> **ACTIVITY**: Make a verbatim copy of the entries below; pictures stay out.

═════ DATASET EXTRACT

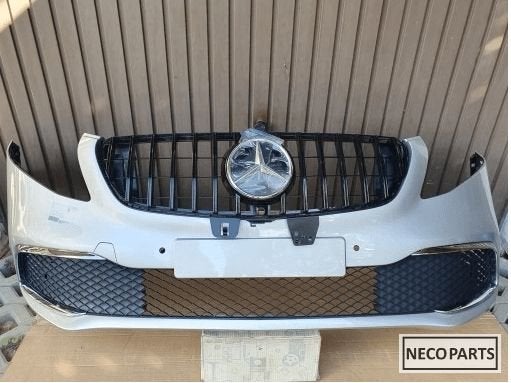 MERCEDES V-KLASSE W447 LIFT VOORBUMPER ORIGINEEL KLEUR 744, Utilisé, -, -, Enlèvement ou Envoi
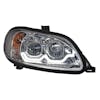 Freightliner M2 Projector Headlight Pair With LED Dual Function Sequential Light Bar - Passenger Side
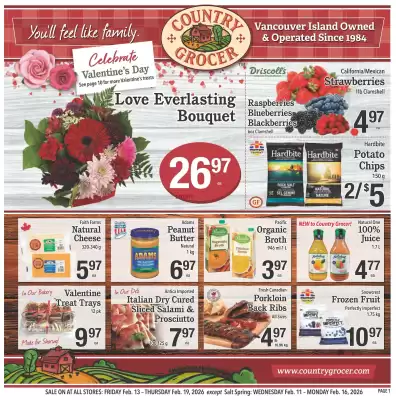 Country Grocer flyer (valid until 19-02)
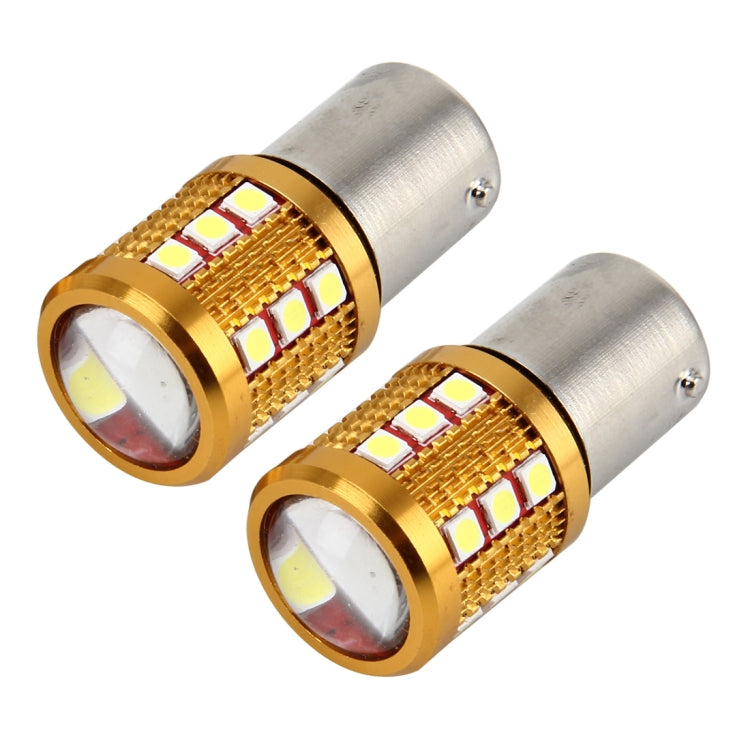 2 PCS 1156/BA15S 6W 450 LM 6000K Car Auto Turn Light  Backup Light Reversing Lights with 24LEDs  SMD-3030 Lamps(White Light)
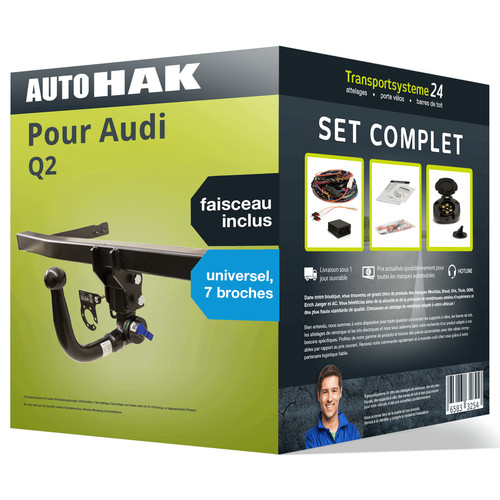 Attelage pour audi 2016 - q2, 06.2016
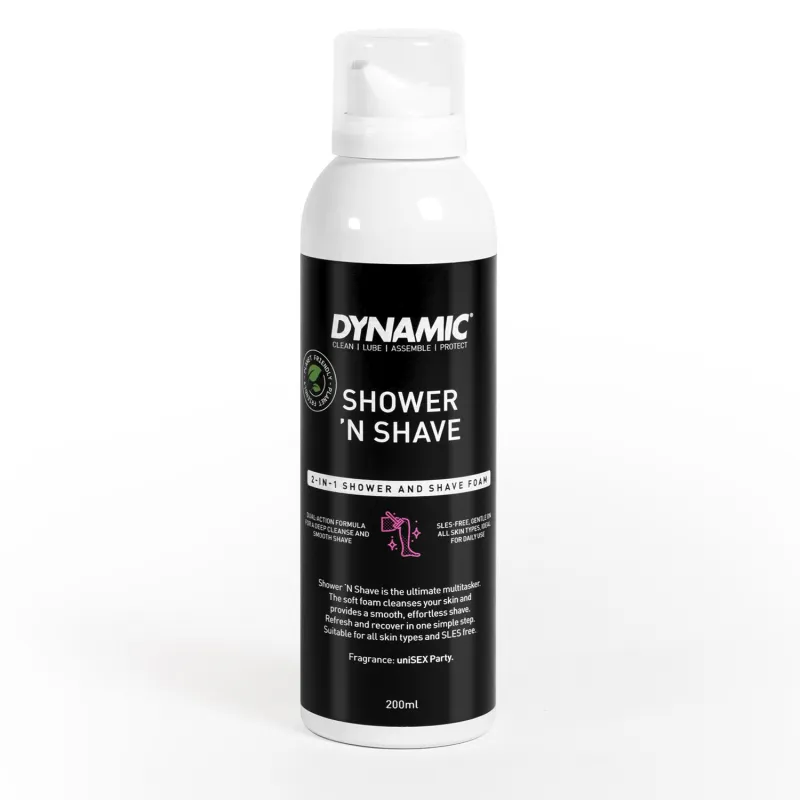 Gel douche et rasage cycliste 200ml - Soin corporel après sortie - DYNAMIC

══════════

> **ANSWER SPACE**:
 MERCEDES V-KLASSE W447 LIFT VOORBUMPER ORIGINEEL KLEUR 744, Utilisé, -, -, Enlèvement ou Envoi
 Freightliner M2 Projector Headlight Pair With LED Dual Function Sequential Light Bar - Passenger Side
 Country Grocer flyer (valid until 19-02)
 2 PCS 1156/BA15S 6W 450 LM 6000K Car Auto Turn Light  Backup Light Reversing Lights with 24LEDs  SMD-3030 Lamps(White Light)
 Attelage pour audi 2016 - q2, 06.2016
 Gel douche et rasage cycliste 200ml - Soin corporel après sortie - DYNAMIC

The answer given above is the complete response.